Please set the lines down again exactly, from the top of the entries through the line that contains "3M Fringed Party".

---------- PROVIDED INFORMATION ----------

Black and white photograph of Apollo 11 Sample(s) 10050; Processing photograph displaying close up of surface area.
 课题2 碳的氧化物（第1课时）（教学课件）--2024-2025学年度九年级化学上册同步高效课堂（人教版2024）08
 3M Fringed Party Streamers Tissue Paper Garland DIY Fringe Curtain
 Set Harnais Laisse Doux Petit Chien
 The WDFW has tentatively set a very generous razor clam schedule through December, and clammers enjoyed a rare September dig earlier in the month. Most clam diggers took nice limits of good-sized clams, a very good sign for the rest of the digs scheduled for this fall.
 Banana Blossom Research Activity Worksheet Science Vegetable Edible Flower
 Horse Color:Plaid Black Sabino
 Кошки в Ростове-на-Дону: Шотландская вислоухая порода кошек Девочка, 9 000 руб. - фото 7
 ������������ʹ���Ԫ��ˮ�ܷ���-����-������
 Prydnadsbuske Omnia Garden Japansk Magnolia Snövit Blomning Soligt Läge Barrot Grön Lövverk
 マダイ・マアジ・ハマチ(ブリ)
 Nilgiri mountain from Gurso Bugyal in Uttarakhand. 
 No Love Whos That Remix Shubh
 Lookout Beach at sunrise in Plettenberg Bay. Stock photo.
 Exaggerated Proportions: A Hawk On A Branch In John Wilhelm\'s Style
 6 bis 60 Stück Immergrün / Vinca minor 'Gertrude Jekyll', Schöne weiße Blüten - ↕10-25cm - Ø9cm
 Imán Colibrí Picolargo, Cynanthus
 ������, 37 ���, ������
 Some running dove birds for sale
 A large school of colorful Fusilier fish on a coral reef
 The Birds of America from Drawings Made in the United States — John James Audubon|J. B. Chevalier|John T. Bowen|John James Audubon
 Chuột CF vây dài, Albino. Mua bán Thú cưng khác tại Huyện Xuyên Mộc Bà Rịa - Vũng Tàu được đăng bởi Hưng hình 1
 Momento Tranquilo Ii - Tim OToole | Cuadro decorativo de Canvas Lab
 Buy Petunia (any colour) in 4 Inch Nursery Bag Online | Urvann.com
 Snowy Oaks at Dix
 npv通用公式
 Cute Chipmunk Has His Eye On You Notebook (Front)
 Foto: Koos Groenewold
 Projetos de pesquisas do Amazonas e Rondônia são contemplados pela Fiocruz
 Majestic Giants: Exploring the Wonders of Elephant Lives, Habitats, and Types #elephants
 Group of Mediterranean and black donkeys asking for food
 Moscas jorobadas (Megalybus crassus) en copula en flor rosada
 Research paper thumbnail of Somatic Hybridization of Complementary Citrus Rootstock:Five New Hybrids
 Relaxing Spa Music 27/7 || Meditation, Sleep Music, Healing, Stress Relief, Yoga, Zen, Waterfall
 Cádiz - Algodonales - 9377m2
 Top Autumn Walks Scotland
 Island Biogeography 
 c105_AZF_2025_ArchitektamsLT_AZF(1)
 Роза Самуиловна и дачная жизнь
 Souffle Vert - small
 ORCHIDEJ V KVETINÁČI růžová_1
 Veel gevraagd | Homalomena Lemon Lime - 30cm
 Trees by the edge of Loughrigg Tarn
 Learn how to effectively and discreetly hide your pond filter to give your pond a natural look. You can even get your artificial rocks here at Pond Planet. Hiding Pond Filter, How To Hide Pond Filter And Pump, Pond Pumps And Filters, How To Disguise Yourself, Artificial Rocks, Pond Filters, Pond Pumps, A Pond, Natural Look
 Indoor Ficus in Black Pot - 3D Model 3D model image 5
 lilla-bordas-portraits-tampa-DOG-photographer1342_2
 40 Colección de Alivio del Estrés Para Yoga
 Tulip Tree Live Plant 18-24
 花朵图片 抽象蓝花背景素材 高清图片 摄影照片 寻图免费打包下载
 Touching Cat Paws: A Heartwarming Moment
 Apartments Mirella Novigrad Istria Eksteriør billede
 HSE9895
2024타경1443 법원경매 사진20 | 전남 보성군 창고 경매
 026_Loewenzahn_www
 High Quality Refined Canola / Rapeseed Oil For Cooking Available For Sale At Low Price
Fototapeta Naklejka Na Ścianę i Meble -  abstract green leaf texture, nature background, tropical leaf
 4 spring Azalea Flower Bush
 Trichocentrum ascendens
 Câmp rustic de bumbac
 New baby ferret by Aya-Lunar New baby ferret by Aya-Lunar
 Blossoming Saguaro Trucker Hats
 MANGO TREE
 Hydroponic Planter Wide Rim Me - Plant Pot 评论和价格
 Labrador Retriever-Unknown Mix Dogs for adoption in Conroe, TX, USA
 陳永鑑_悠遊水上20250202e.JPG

----------

== TASK SOLUTION ==
Black and white photograph of Apollo 11 Sample(s) 10050; Processing photograph displaying close up of surface area.
 课题2 碳的氧化物（第1课时）（教学课件）--2024-2025学年度九年级化学上册同步高效课堂（人教版2024）08
 3M Fringed Party Streamers Tissue Paper Garland DIY Fringe Curtain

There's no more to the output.